George Bernard Shaw captured the weird, other-worldly atmosphere of Skellig Michael best:
“An incredible, impossible, mad place…….I tell you the thing does not belong to any world that you and I have lived and worked in: it is part of our dream world.“
Skellig Michael feels surreal – there is something undoubtedly mystical in the air. The fact that people actually lived on this tiny, harsh rock battered by the Atlantic is unfathomable.
It takes a bit of effort to get there; stay in Portmagee, Kerry (below), as the boats leave from there, and it’s dinky and colourful. There’s a B&B on the waterfront that will contact the boat men and arrange it for you.
With the mists breaking over Valentia Island, the journey out there in the early morning is pure adventure.
Dose up on seasickness pills: the boat is a bockety old tub that bounces up and down violently for an hour, and there are no life-jackets to be seen. You give your name to the captain before descending a rusty ladder into the craft, and he collects the cash for the passage during the journey (€40 approx):
It’s not for the faint-hearted. There is no harbour on Skellig Michael: you need to haul yourself from the boat onto a makeshift jetty, carved from the rock of the island. You may find yourself, as I did, with one leg in the dramatically listing boat and the other on the rock, with a salty sea-dog roaring at you to ‘JUMP!’:
Once you’re on the rock, the paths up are precipitous and vertiginous:
There have been recent deaths on Skellig Michael, from falls: it’s easy to stop watching your feet and to lose your balance. The steps are unreal, as if built by ancient giants, some of them leading up into the clouds and fairly scary to climb:
There are sheer drops to the side of you on the paths, for most of the way up:
Little Skellig provides the views in the distance; you cannot alight on it but the boats will circle it on the way.
The Skelligs are full of puffins until about July: they are everywhere, and quite used to humans:
At the top of Skellig Michael is the site of the ancient monastery, dating from a thousand years ago.

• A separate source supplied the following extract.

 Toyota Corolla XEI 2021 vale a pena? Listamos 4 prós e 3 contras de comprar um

Here is where a sense of quiet awe takes over – the improbable thought of people living in these beehive huts all year round, lashed by the Atlantic winds, is astounding. There is a real sense of mystery; if I were spiritual I’d say it was, er, spiritual:
The monks are buried here; their misshapen graves overlooking Little Skellig:
They lived here until the 12th or 13th century, when the climate became colder and stormier and the living too harsh, at which point the small community moved to the mainland. It is gobsmacking, when you’re looking into the beehives (where you can still see the rocky shelves they slept on), to imagine anyone staying there permanently.
Views of Little Skellig from the pinnacle
George Bernard Shaw said ‘I hardly feel real again yet’ after visiting Skellig Michael.

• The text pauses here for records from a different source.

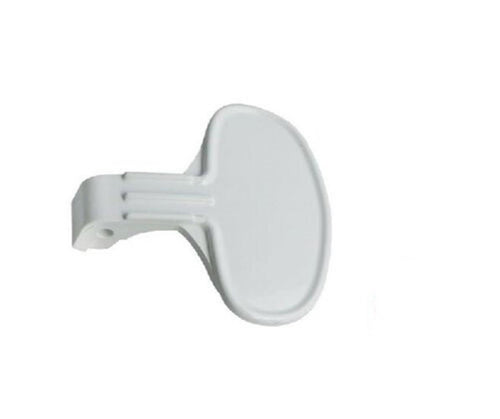 CANDY HOOVER ' CHIUSURA MANIGLIA OBLO ' LAVATRICE 41010388, 40000967 WL215 LV 71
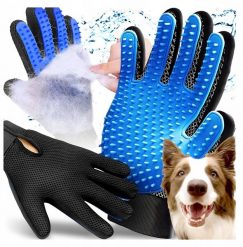 RĘKAWICA SZCZOTKA DO CZESANIA SIERŚCI KANZA. Golarki męskie Hitbaits. Za 325.99 zł.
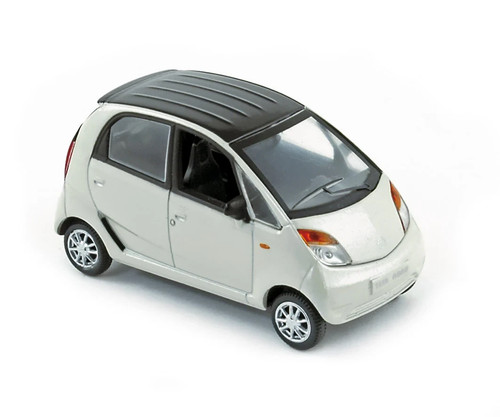 Tata nano 2009 norev - 1/43,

The other-worldly atmosphere, and the strange buzz you get from exploring a place so alien and out of place, stay with you for months afterwards. I couldn’t stop thinking about the whole day, from the mental boat ride to the climb up to the beehives and down again.
Boats near Little Skellig
Puffin on Skellig Michael
Coming down is no easier than going up; please do not wear flappy flares, like I did.

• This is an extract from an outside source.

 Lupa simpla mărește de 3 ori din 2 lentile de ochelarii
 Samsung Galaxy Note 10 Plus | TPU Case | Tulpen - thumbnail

There are over 600 steps, all of them vertical, wonky and treacherous.
The view from the steps to the modern pathway below
Puffins on Skellig Michael
At the summit
Wild and rocky Atlantic vistas
Leaving Skellig Michael
Back on the mainland, Skellig Michael exerts a strange, magnetic pull over the landscape: you stare and stare at it, and you hardly believe that you were there:
Views from Valentia Island
Oh! and there are no toilets on Skellig Michael, so go easy on the liquids.